Spain Government Goes Full Police State; Enacts Law Forbidding Dissent, 'Unauthorized' Photography Of Law Enforcement

from the shut-up-citizen-or-we'll-put-your-money-where-your-mouth-is dept

Well, Spain’s officially a police state now. On July 1st, its much-protested “gag” law went into effect, instantly making criminals of those protesting the new law. Among the many new repressive stipulations is a €30,000-€600,000 fine for “unauthorized protests,” which can be combined for maximum effect with a €600-€300,000 fine for “disrupting public events.”

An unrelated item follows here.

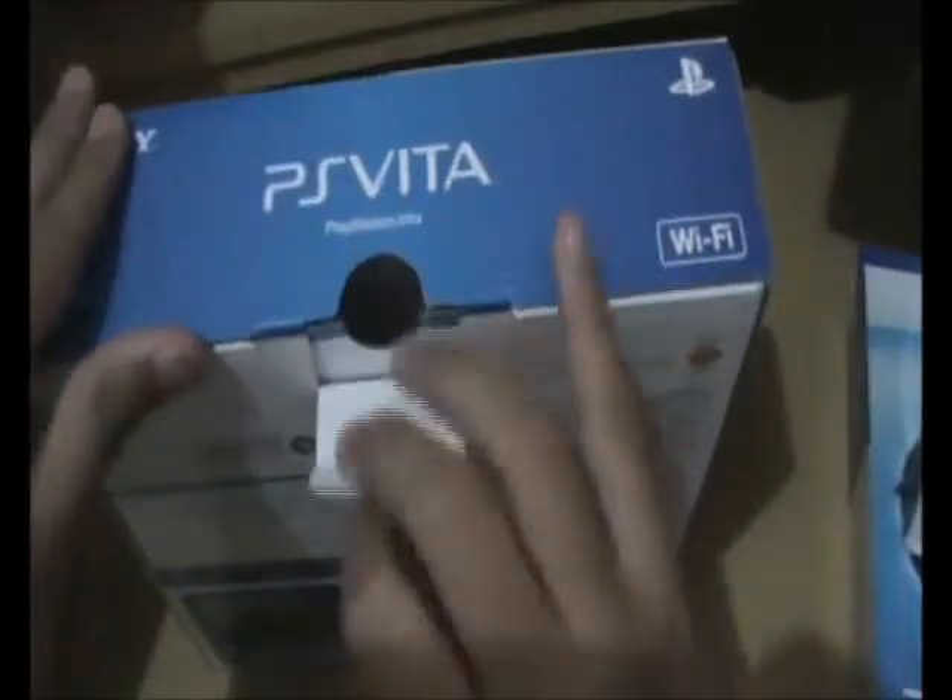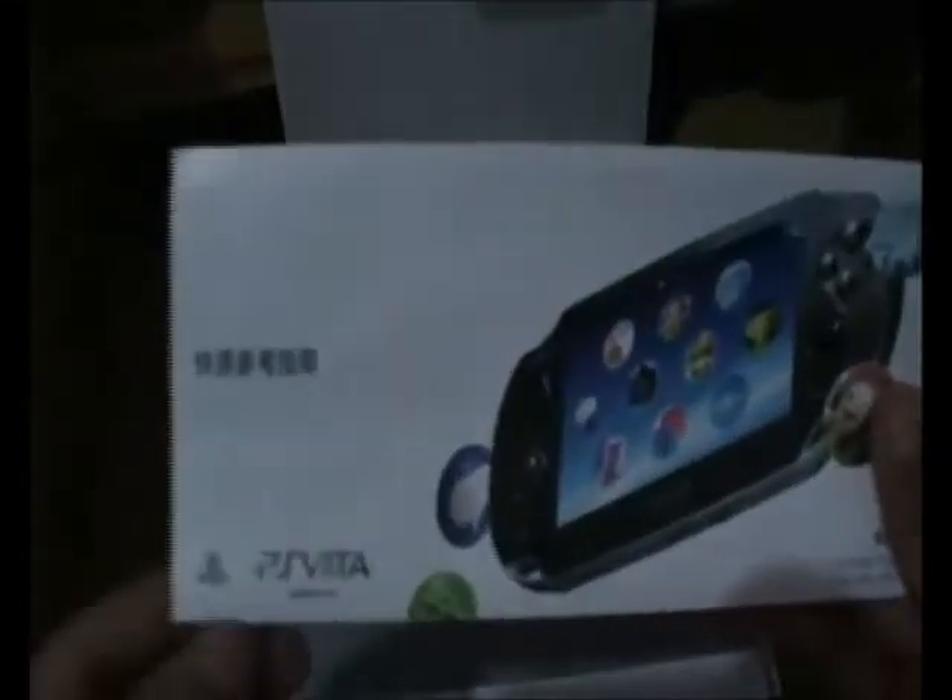Okay, let's open the Wi-Fi version box. Here it says 'Welcome to the world of PlayStation.' This is the quickstart guide. Let's open it later. In here there's a USB cable and the AC adapter.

This horrible set of statutes has arisen from Spain’s position as a flashpoint for anti-austerity protests, the European precursor to the Occupy Wall Street movement. Fines, fines and more fines await anyone who refuses to treat authority with the respect it’s forcibly requiring citizens to show it.

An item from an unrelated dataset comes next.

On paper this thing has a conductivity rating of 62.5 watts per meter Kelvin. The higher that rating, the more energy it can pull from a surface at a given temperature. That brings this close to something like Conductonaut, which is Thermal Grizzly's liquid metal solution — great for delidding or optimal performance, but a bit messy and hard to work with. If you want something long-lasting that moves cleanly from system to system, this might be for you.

The law also extends its anti-protest punishments to social media, where users can face similar fines for doing nothing more than encouraging or organizing a protest. Failing to present ID when commanded is another fine. And then there’s this:

Showing a “lack of respect” to those in uniform or failing to assist security forces in the prevention of public disturbances could result in an individual fine of between €600 and €30,000.

Spain’s legislators thought of everything. To ensure these crackdowns on protests go off with a minimum of public backlash, “respected” police officers are being given a blank check to use as much force as they feel necessary when breaking up “unauthorized protests.” The law doesn’t directly instruct police to behave badly, but it does provide a very helpful increase in opacity.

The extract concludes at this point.